• SUPPLIED INFORMATION:
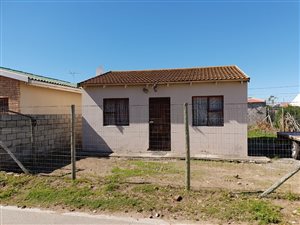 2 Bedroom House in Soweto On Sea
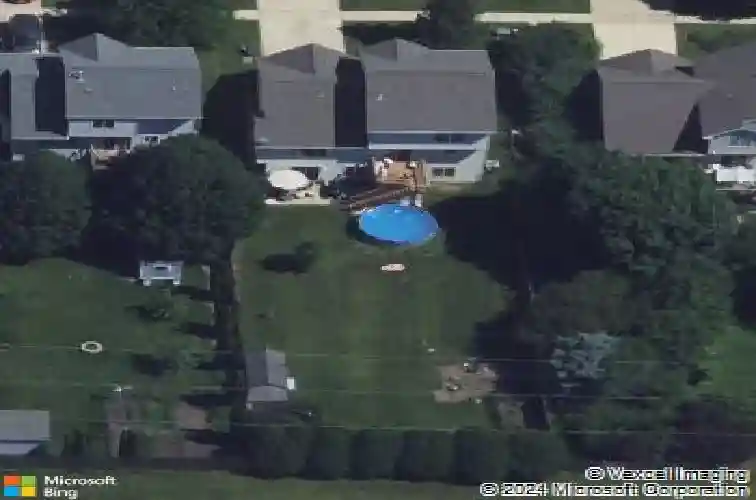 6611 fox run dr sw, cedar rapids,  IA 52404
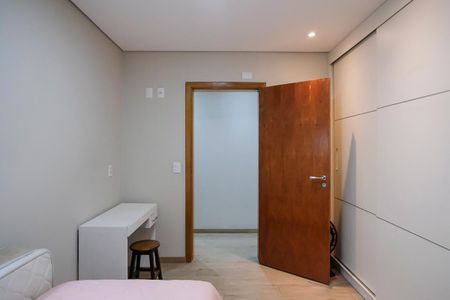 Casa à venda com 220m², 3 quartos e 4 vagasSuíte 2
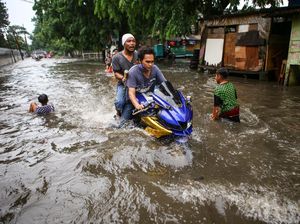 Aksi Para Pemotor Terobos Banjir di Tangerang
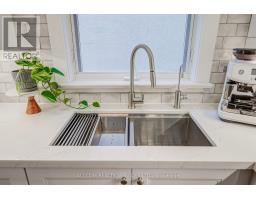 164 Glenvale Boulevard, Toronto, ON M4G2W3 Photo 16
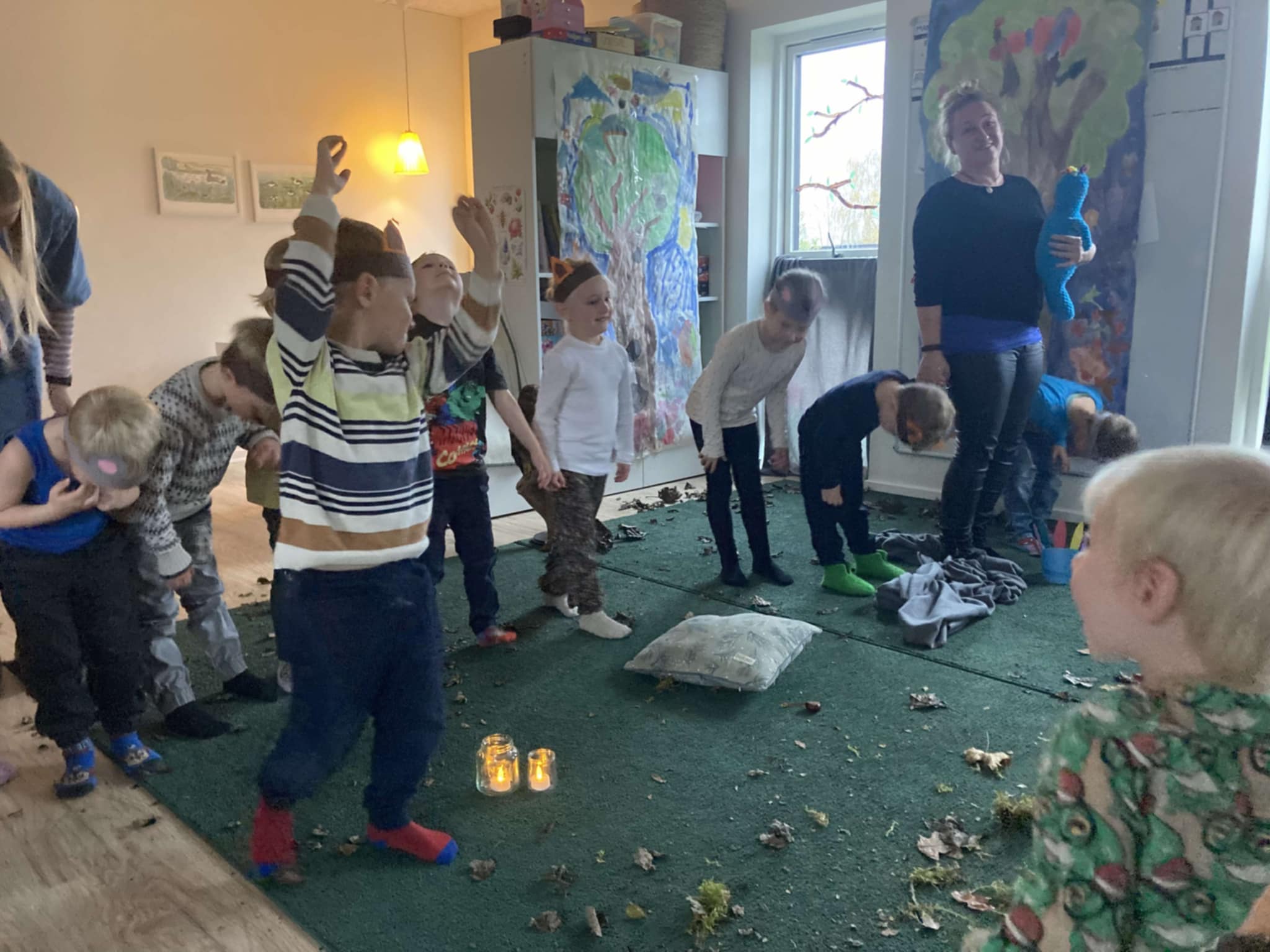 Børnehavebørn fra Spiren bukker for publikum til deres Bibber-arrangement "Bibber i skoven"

• TASK BRIEF:
Transcribe the entries word for word, without their pictures.

• TASK ANSWER:
 2 Bedroom House in Soweto On Sea
 6611 fox run dr sw, cedar rapids,  IA 52404
 Casa à venda com 220m², 3 quartos e 4 vagasSuíte 2
 Aksi Para Pemotor Terobos Banjir di Tangerang
 164 Glenvale Boulevard, Toronto, ON M4G2W3 Photo 16
 Børnehavebørn fra Spiren bukker for publikum til deres Bibber-arrangement "Bibber i skoven"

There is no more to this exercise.